Contexting this (renowned verbifier Alexander Haig's abusage), the letter came into the Minister's possession in full view of the lady concerned, and his knowledge of her knowledge of this conferred its power. But the repossession of the letter, unbeknownst to the Minister, is not accompanied with the information that the Minister remains in the dark about its loss:

"In that case," replied Dupin, opening a drawer, and producing a check-book, "you may as well fill me up a check for the amount mentioned. When you have signed it, I will hand you the letter."

I was astounded. The Prefect appeared absolutely thunderstricken. For some minutes he remained speechless and motionless, less, looking incredulously at my friend with open mouth, and eyes that seemed starting from their sockets; then, apparently in some measure, he seized a pen, and after several pauses and vacant stares, finally filled up and signed a check for fifty thousand francs, and handed it across the table to Dupin. The latter examined it carefully and deposited it in his pocket-book; then, unlocking an escritoire, took thence a letter and gave it to the Prefect. This functionary grasped it in a perfect agony of joy, opened it with a trembling hand, cast a rapid glance at its contents, and then, scrambling and struggling to the door, rushed at length unceremoniously from the room and from the house, without having uttered a syllable since Dupin had requested him to fill up the check.

When he had gone, my friend entered into some explanations.

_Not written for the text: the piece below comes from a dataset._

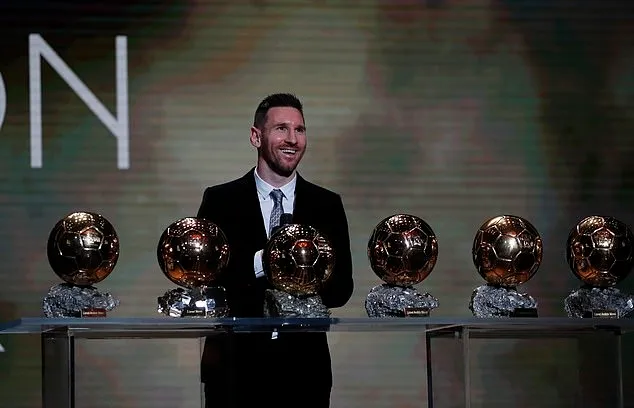 Lionel Messi wins record SIXTH Ballon d'Or as he edges out Liverpool's Virgil van Dijk... with Cristiano Ronaldo snubbing Paris ceremony - Bóng Đá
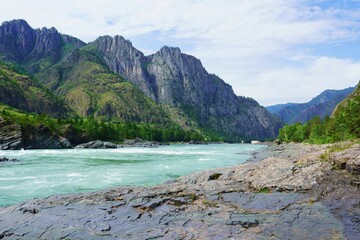 Fototapeta na wymiar River and mountains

So the Prefect departs without any notion that the Minister still believes himself in possession of the letter; the Prefect, and by extension that exalted personage for whom he is agent, does not know that the Minister does not know. The question is, who will first discover this state of affairs? Every indication would seem to favor the Minister in this regard: his powers of discernment already having been demonstrated in the original theft, supported by the digression on games (an identification of the reasoner's intellect with that of his opponent. [...] And the identification [...] of the reasoner's intellect with that of his opponent, depends, if I understand you aright upon the accuracy with which the opponent's intellect is admeasured. [NB: I particularly like the interpolation of "if I understand you aright"]) and the following adumbration of the false duality between poet and mathematician (with another nice touch: Bryant, in his very learned 'Mythology,' mentions an analogous source of error, when he says that 'although the Pagan fables are not believed, yet we forget ourselves continually, and make inferences from them as existing realities.'). The repossession of the letter will change the behavior of both the Prefect and of the exalted lady in response to and even prior to any attempted continued usage of the Minister's supposed but now non-existent power. The Prefect's diligence in tracking the Minister will relent; any subsequent audience with the lady will evince changed circumstances by her newly-found confidence in dealings with the Minister. So Dupin's supposition that the Minister "will proceed with his exactions" is flawed, and so too the consequent "political destruction ... not ... more precipitate than awkward." While this course of events is indeed possible, it presupposes an unlikely blind spot in the Minister's dealings, and suggests a blind spot in Dupin's. But I do not think that this is a point that Poe overlooked in his composition of this tale, but rather something hidden in plain view for the astute reader (who, me?) to discover.